AIM OF THE TASK:
When you reach the line that contains "Used 2008 Chevrolet", begin copying exactly and continue through the last line below. Do not copy pictures.

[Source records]
____
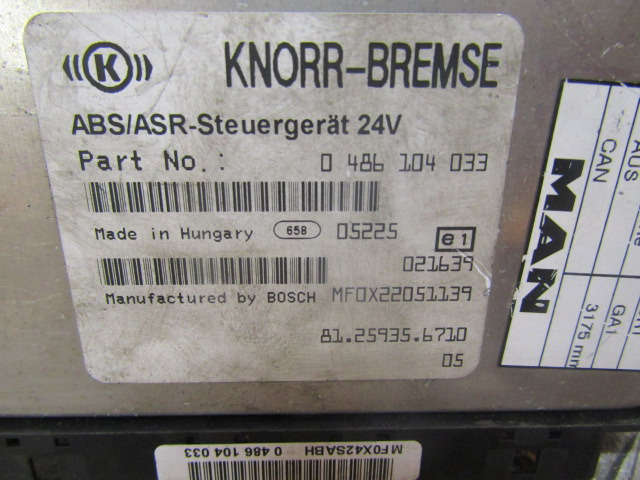 MAN M2000 18.224 ABS/ASR ECU P/NO 81.25935.6710 - Bloc de gestion pour Camion: photos 2 MAN M2000 18.224 ABS/ASR ECU P/NO 81.25935.6710 - Bloc de gestion pour Camion: photos 2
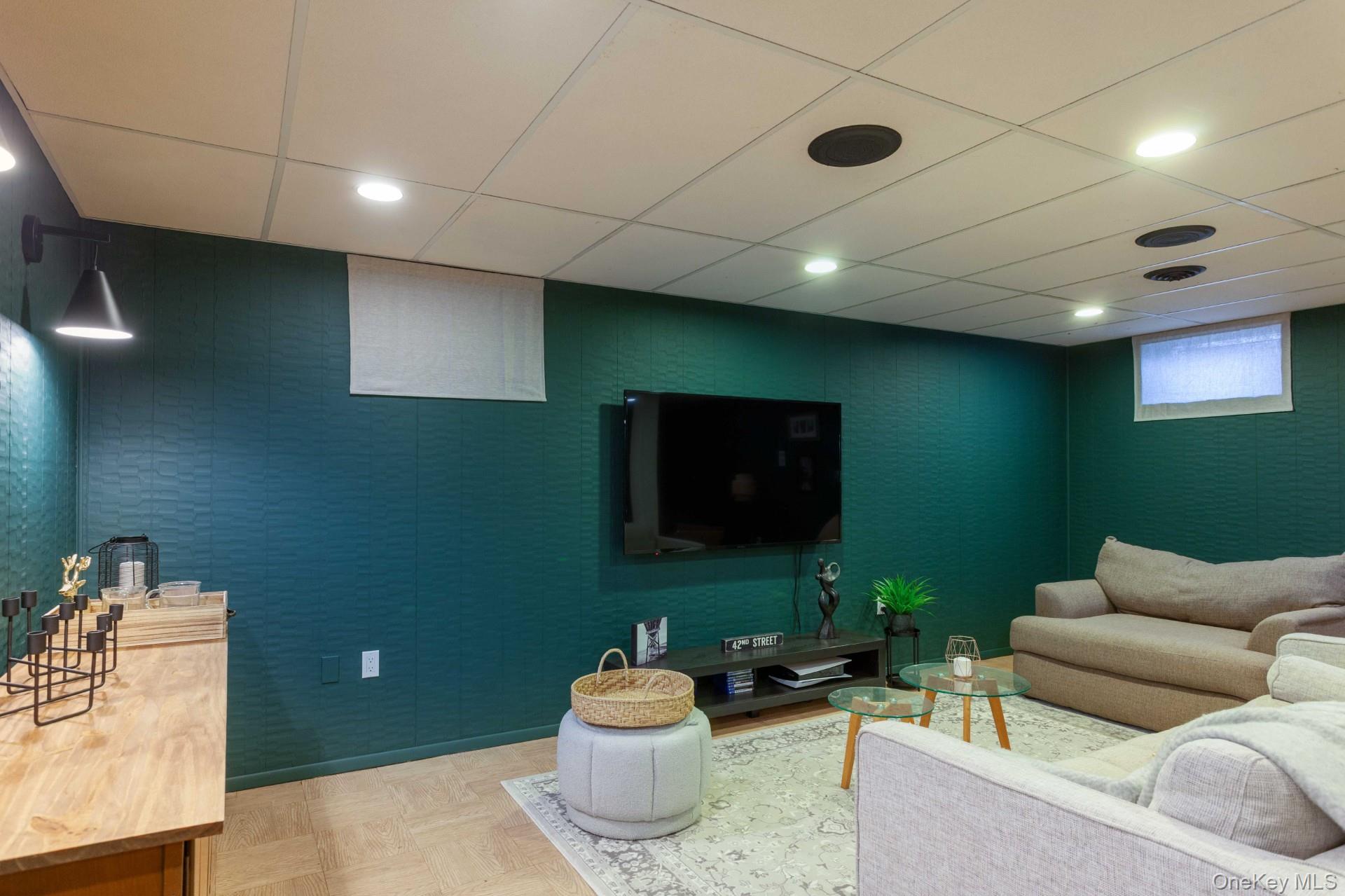 #13 photo, 14 Old English Way, Wappingers Falls , NY 12590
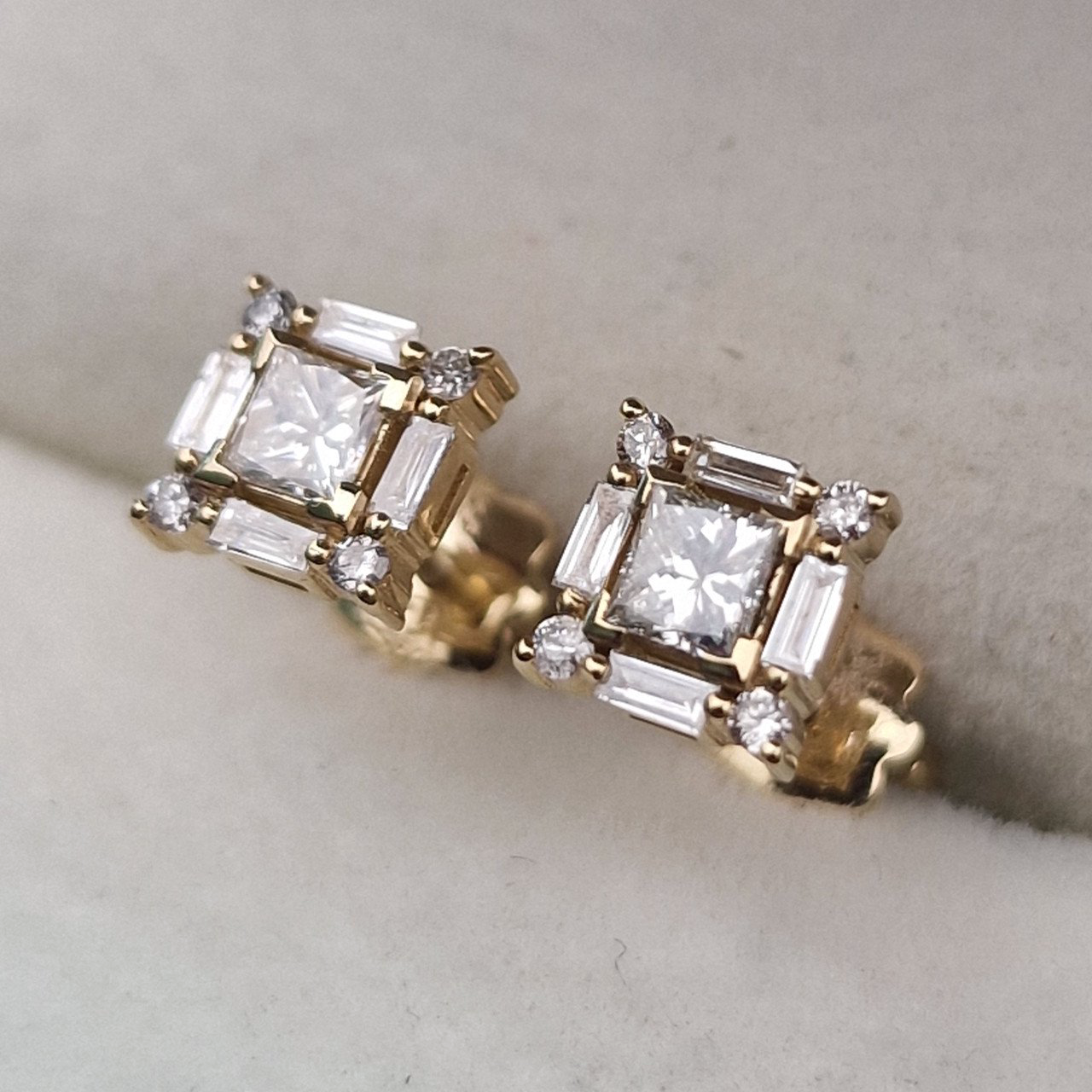 Серьги Deimantas 105021612 2,02гр 0,70ct. купить,NaN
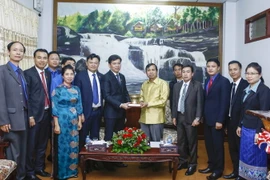 Bí thư Trung ương Đoàn Nguyễn Long Hải tặng quà Bí thư Tỉnh ủy, Tỉnh trưởng tỉnh Salavane Sysouvan Vongchomsy. (Ảnh: Nguyễn Hồng Cường/TTXVN)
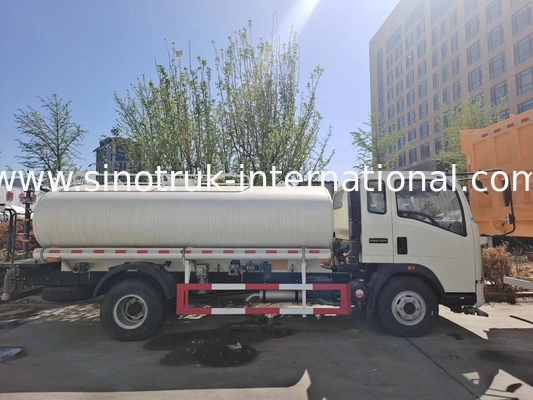 Sprühstrecke des SINOTRUK-Leichtwasser-Tankwagen-LHD 5-8CBM weit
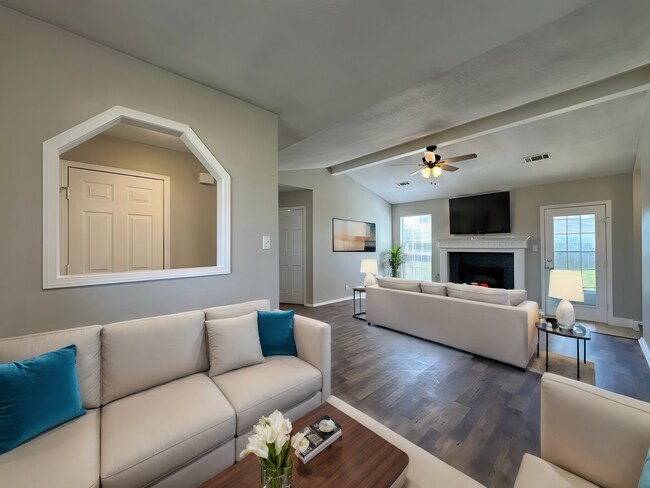Foto del edificio - Beautifully Remodeled 3 Bed/2 Bath/2-Car G...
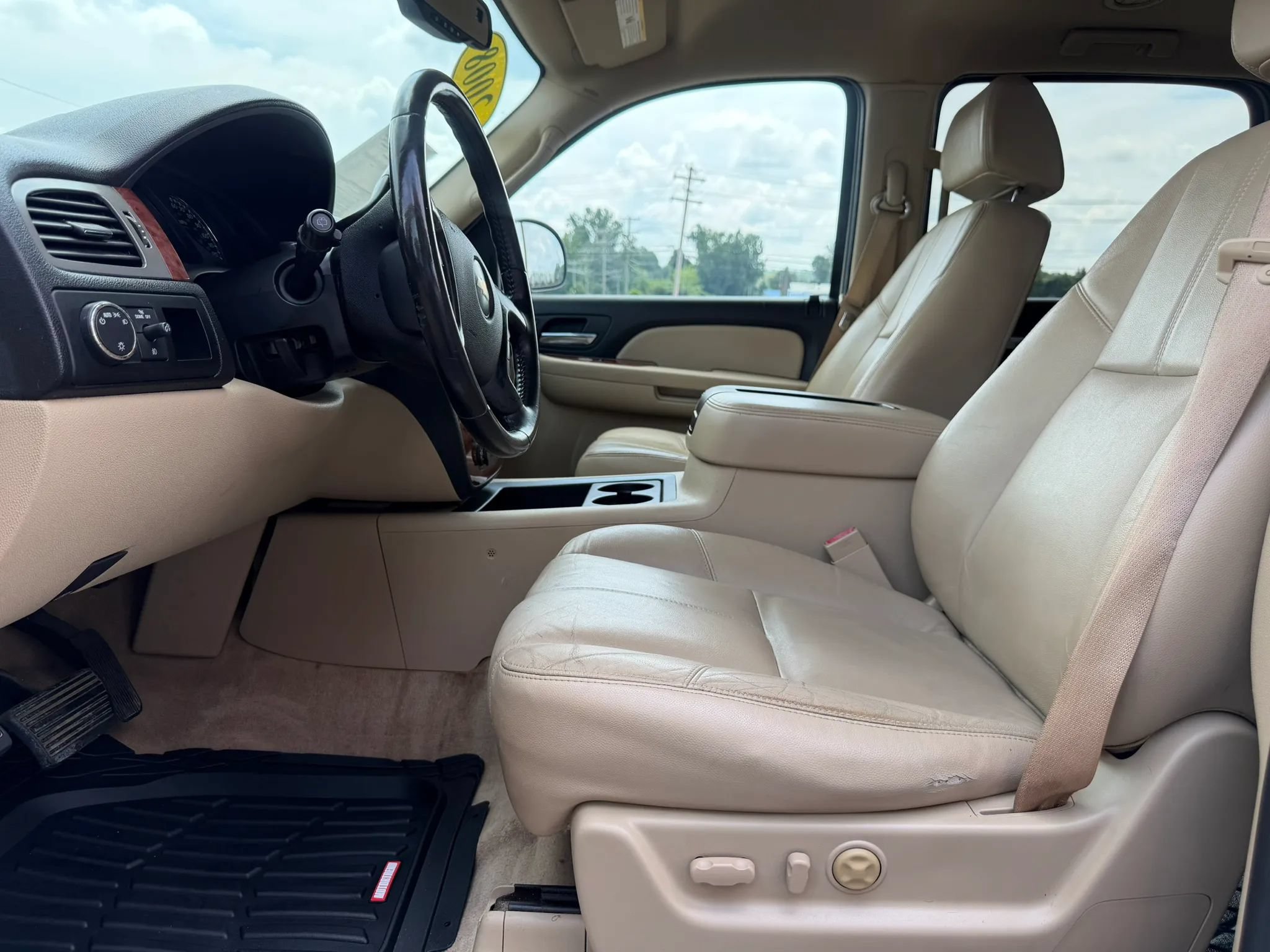 Used 2008 Chevrolet Suburban LT w/ LT Preferred Equipment Group RWD image 11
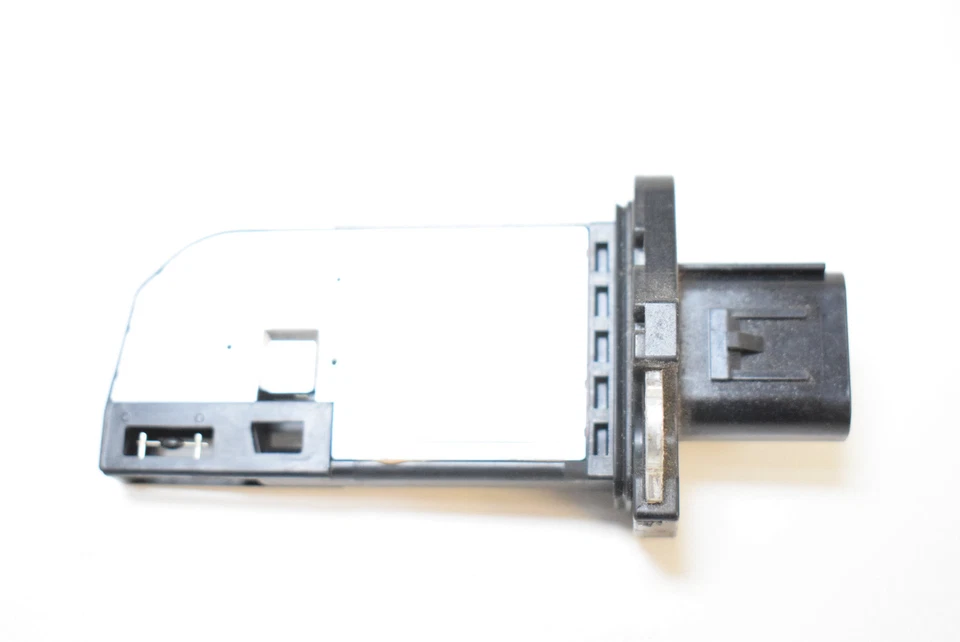 FORD TRANSIT CUSTOM Minibus / passenger 2016 Mass Air Flow Sensor MAF 8V2112B579 - Image 3 of 4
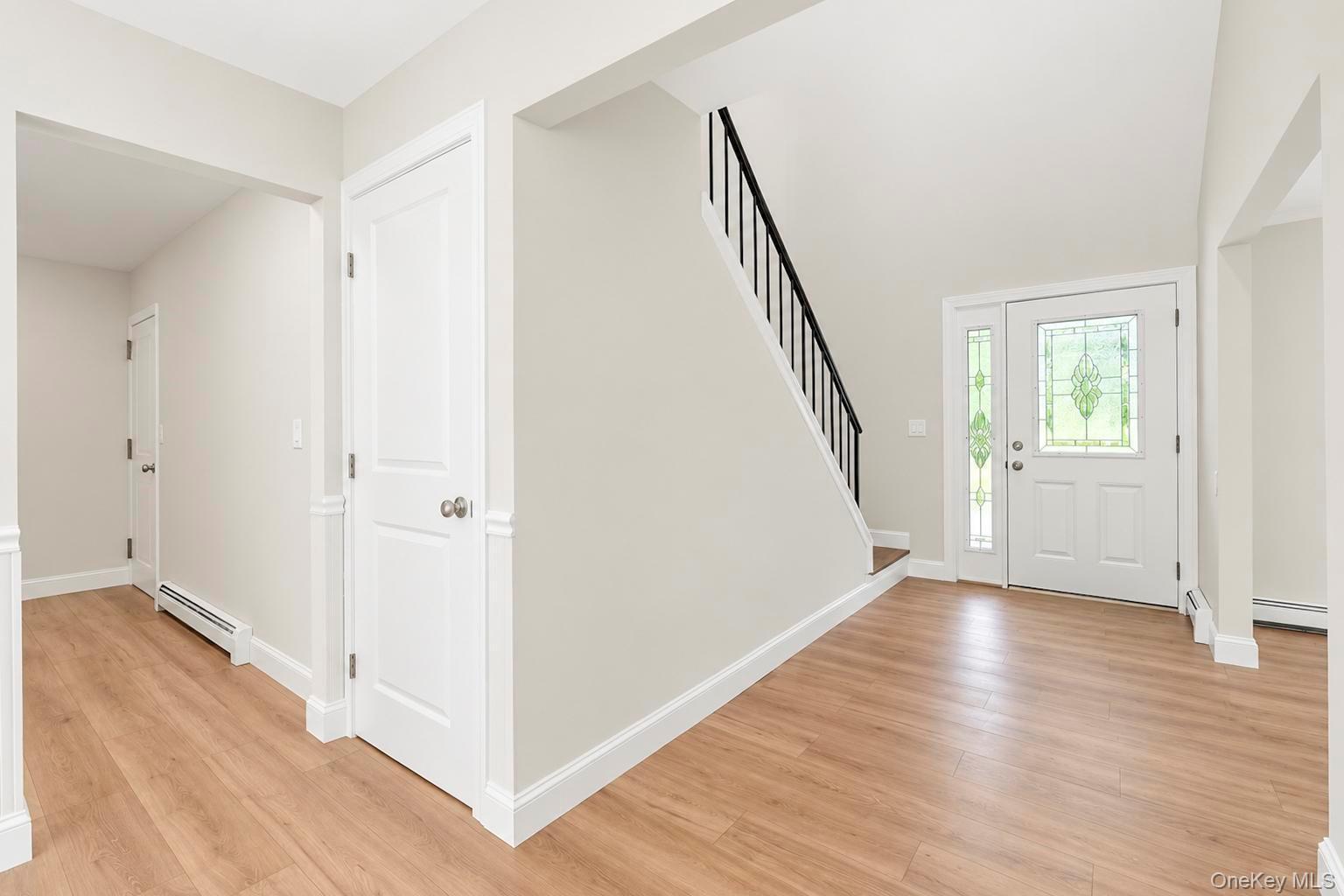 Single Family Bates Lane Suffolk County, NY 11961, MLS-1032928-4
____
WRITTEN ANSWER:
 Used 2008 Chevrolet Suburban LT w/ LT Preferred Equipment Group RWD image 11
 FORD TRANSIT CUSTOM Minibus / passenger 2016 Mass Air Flow Sensor MAF 8V2112B579 - Image 3 of 4
 Single Family Bates Lane Suffolk County, NY 11961, MLS-1032928-4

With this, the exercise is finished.